Merkel welcomes refugees but insists they integrate in German society

Berlin - Chancellor Angela Merkel tempered Germany's welcome to hundreds of thousands of refugees from war and persecution with a warning on Wednesday that new migrants must integrate into German life.

"They need help to learn German quickly and find work," Merkel said during a debate in the Bundestag parliament where politicians of all parties praised Germany's outpouring of hospitality for newcomers.

The centre-right leader addressed fears among conservative Germans that tensions with migrants could rise as they did when "guest workers" invited from Turkey more than 50 years ago were treated as a temporary presence and given neither language training nor respect.

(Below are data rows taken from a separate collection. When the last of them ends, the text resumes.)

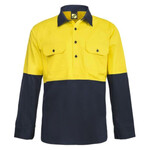 Mens Half Placket Cotton Drill Shirt With Semi Gusset Sleeve
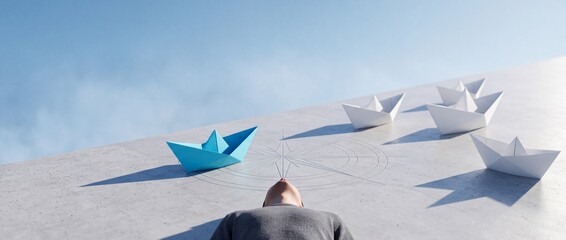 Fototapeta premium Visionary Blue Paper Boat Changing Direction and Leading the Way on a Compass Surface Under Clear Blue Sky, Symbolizing Leadership, Strategic Business Perspective Shift and Innovative Success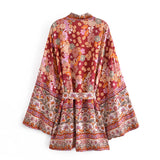 Bohemian Kimono Robe – “Gabriella” Currant Red Short Cover-Up for Beach or Lounge
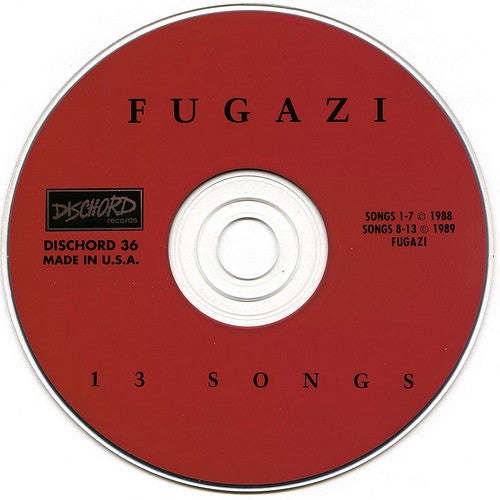 Fugazi : 13 Songs (CD, Comp, RE, RM, FAI)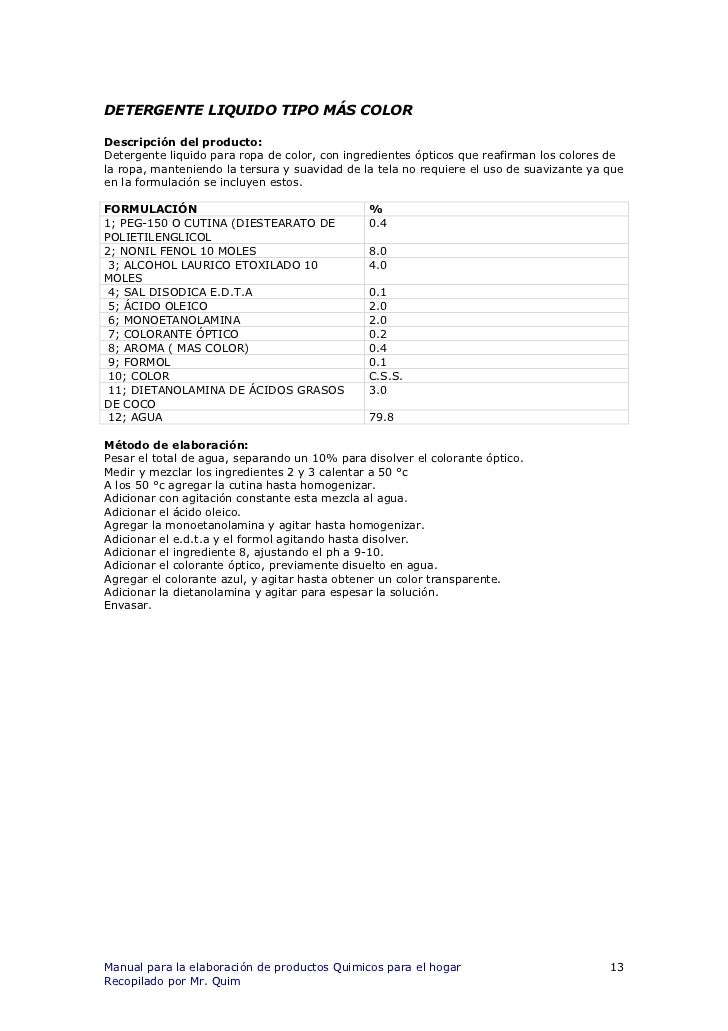 3345974 Manual Formulas De Productos Del Hogar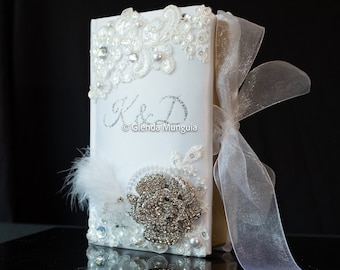 Wedding Bible with rhinestone rose - Personalized with initials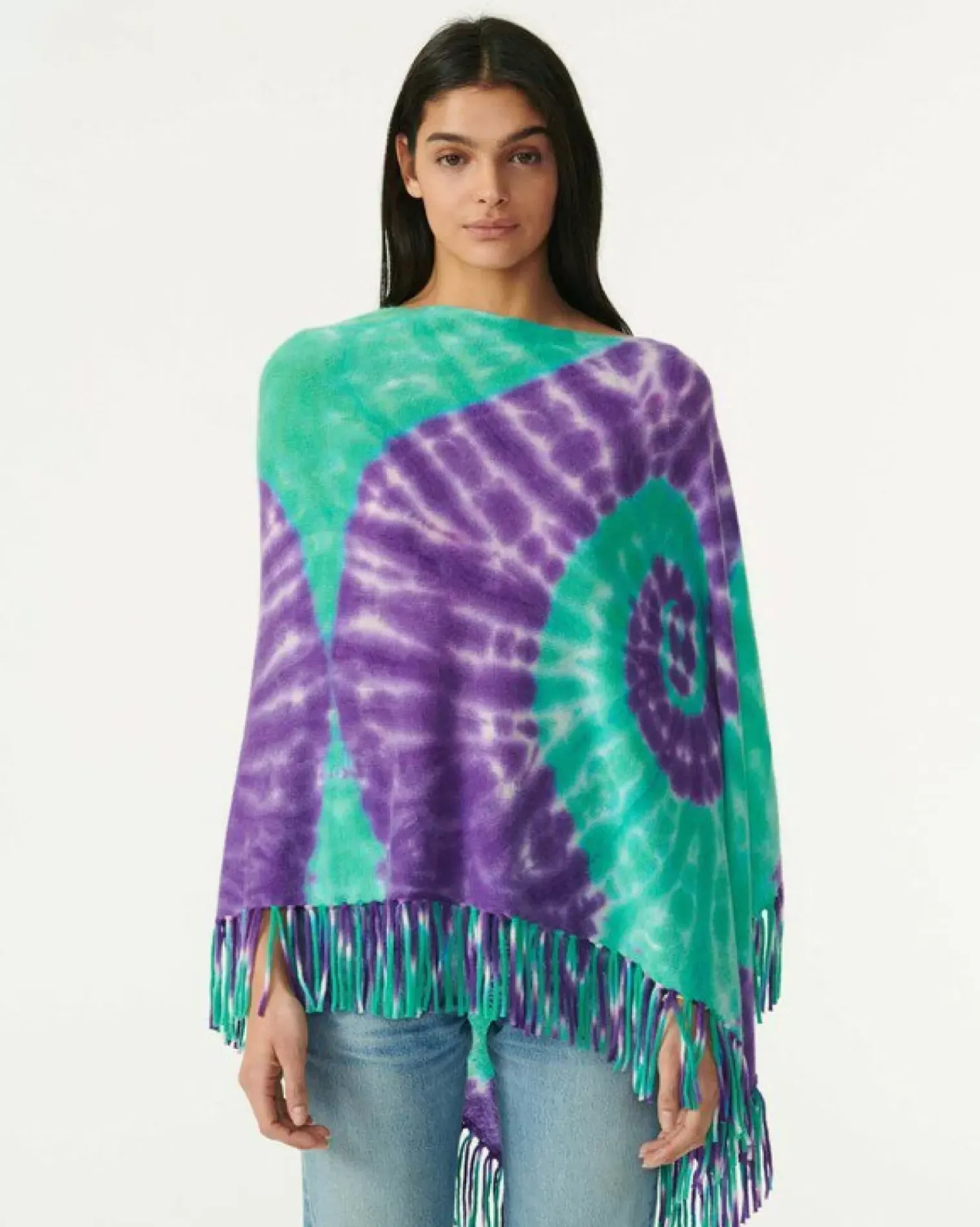 Kujten Capes & Ponchos>Cashmere Fringed Poncho Deep Purple
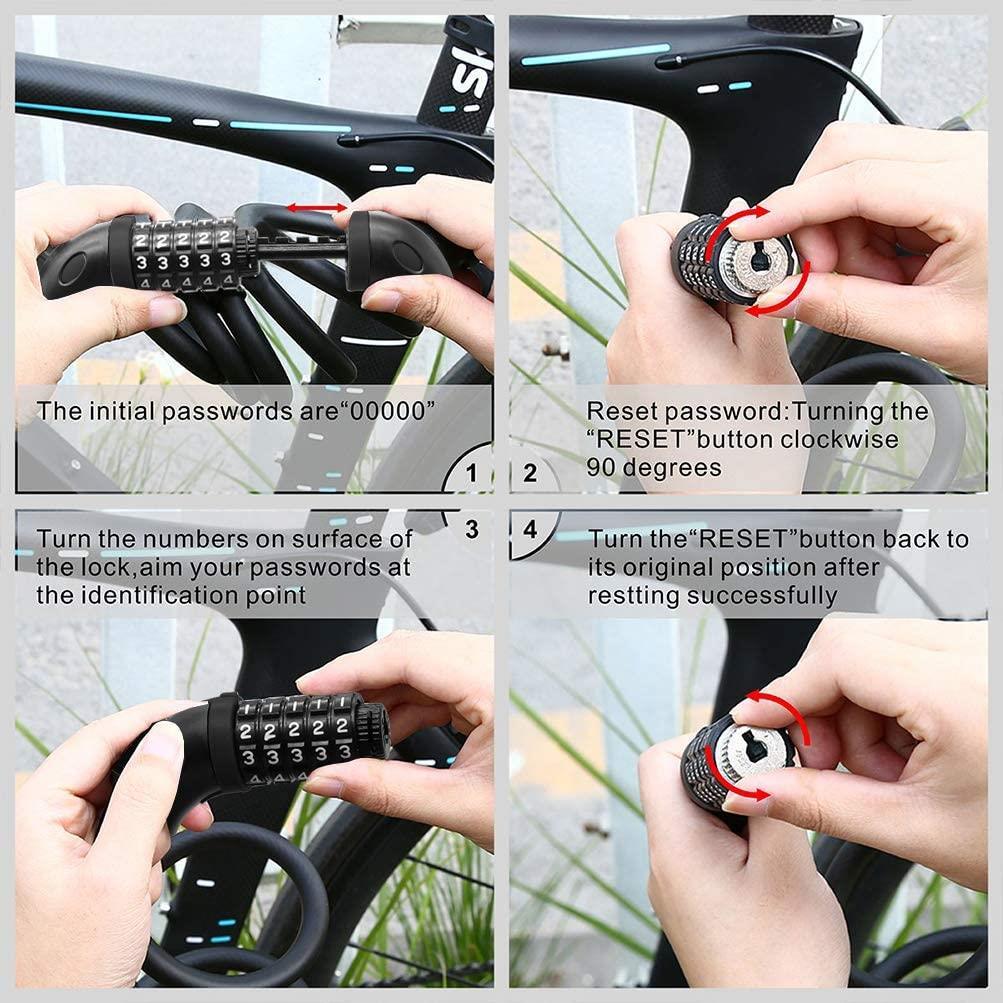 Combination Cable Security Lock Accessory for Electric Scooter or Bicycle (BLACK) Combination Cable Security Lock Accessory for Electric Scooter or Bicycle (BLACK) - Electric Maxx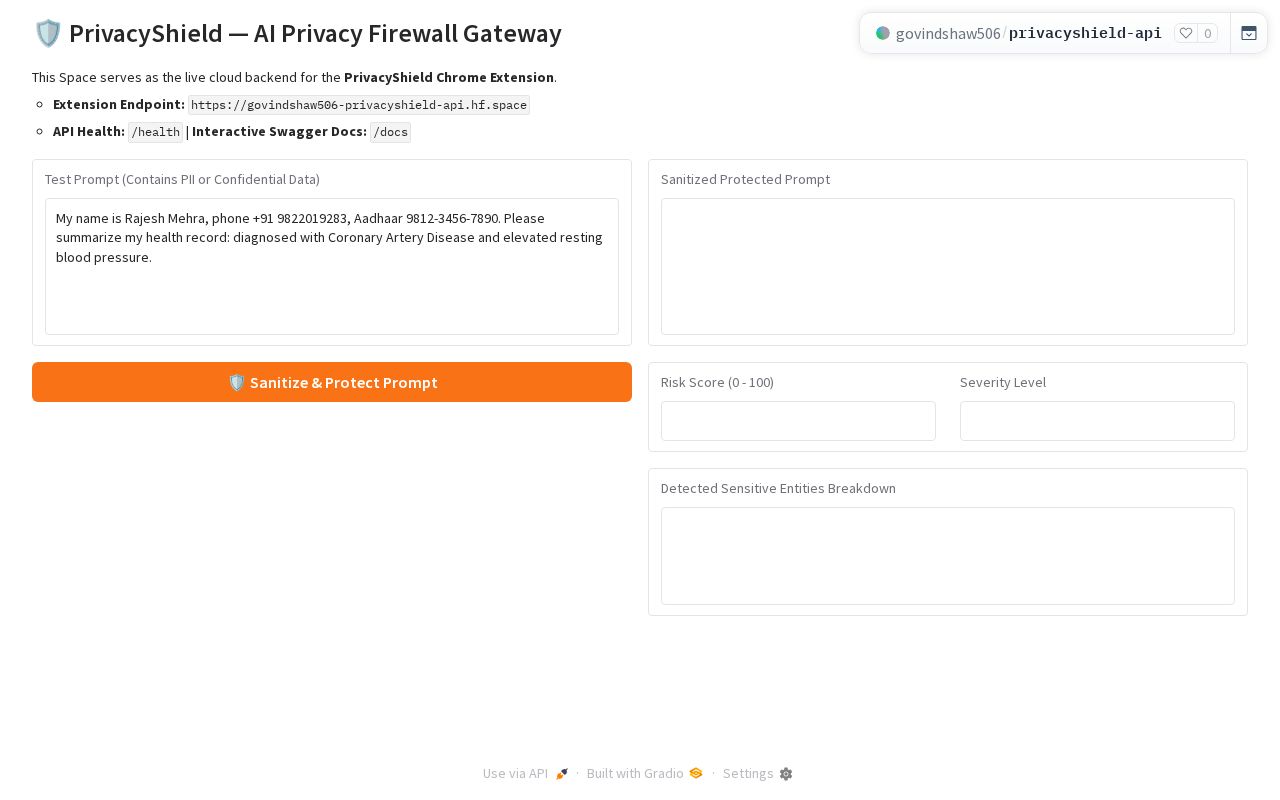 Preview of PrivacyShield AI Privacy Firewall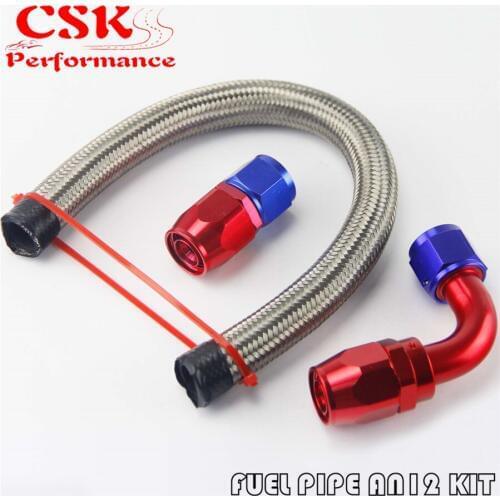 1FT AN12 Stainess Steel Braided Oil Fuel Hose+ 90 Deg & Straight Swivel Fittings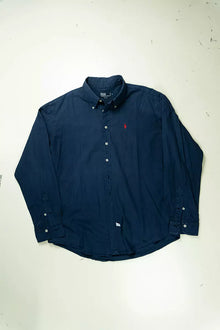 Camicie Ralph Lauren Tinta Unita Classic Fit Blu Scuro "XXL"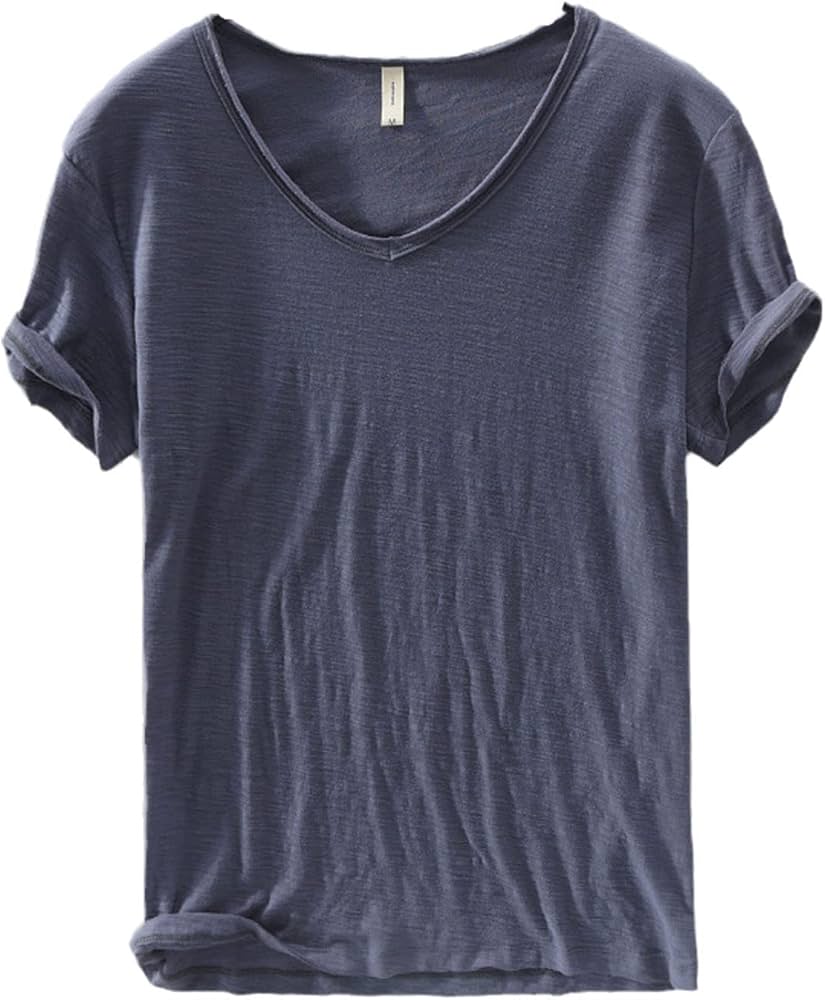 T-shirt col en V en lin et coton pour homme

"We should learn from our experience of the 1960s when we brought in guest workers and should put the highest priority on integration from the very beginning," she said.

"A nation that welcomes the many coming in, many from other cultures, must make clear what rules apply here," she added. "We can't ignore it if communities that reject integration... establish themselves... There won't be any tolerance of that."

Germans have astonished themselves in recent weeks with the fervent support for the migrants.

Even the populist newspaper Bild, Germany's top-selling daily, has swung behind refugees, distributing "we will help" buttons. Merkel's deputy, Sigmar Gabriel, wore one on a lapel in parliament as she spoke.

The Green Party lauded the new mood. "For the first time, I can say without reservation that I am proud of my country," Greens floor leader Katrin Goering-Eckardt told legislators.

In her speech, Merkel vowed to crack down "with the full force of the law" on racists who abused migrants or rioted near refugee hostels.

Among the new attacks was a fire, apparently deliberate, late on Tuesday at Gersheim on the western border in a disused school earmarked to later house refugees. In Berlin, police on night guard stamped out a Bengal Flare firework thrown into the yard of a new hostel.

The chancellor this week announced €6bn in extra spending next year to accommodate asylum seekers. Merkel said Germany could afford this now because of its thrift in the recent past.

Merkel, whose chancellorship has been marked by the emergence of Germany as the paramount European power, said the crisis was Germany's own because "death, terrorism and despair" now reigned just a few hours from Berlin by air.

"These conflicts in Syria and Iraq are not happening in any old place. They are happening at the gates of Europe," she said.

Germany says it expects up to 800 000 to register for asylum this year, but adds it will send home almost all claimants from Balkan nations. Merkel told parliament she knew they were fleeing poverty, but they must leave to make way for those in even direr need.

"Their lives may be hard at the personal level, but this is a fact." she said.

The rejected claimants would be deported speedily after their claims had been individually heard.

Merkel's spokesman said the chancellor would on Thursday visit a Berlin refugee hostel and a classroom of refugee children undergoing a crash course in the German language at a Berlin primary school.

The chancellor implicitly rebuked neighbours such as Hungary that have said they do not want migrants, saying Berlin would not accept anyone setting ceilings on their intake.

"It's not likely we'll achieve a European solution by saying no. If we are courageous and enterprising, we'll get a solution.

"Great as this challenge is, I'm convinced Germany can manage," she said. "If we're not hesitant, but cast around for ideas and are creative, we'll come out of this better off."

Later, the chancellor's spokesman welcomed proposals by EU Commission President Jean-Claude Juncker to redistribute migrants around the EU, saying binding and long-term quotas were required. "Imbalances are not tolerable in the long term," Steffen Seibert said.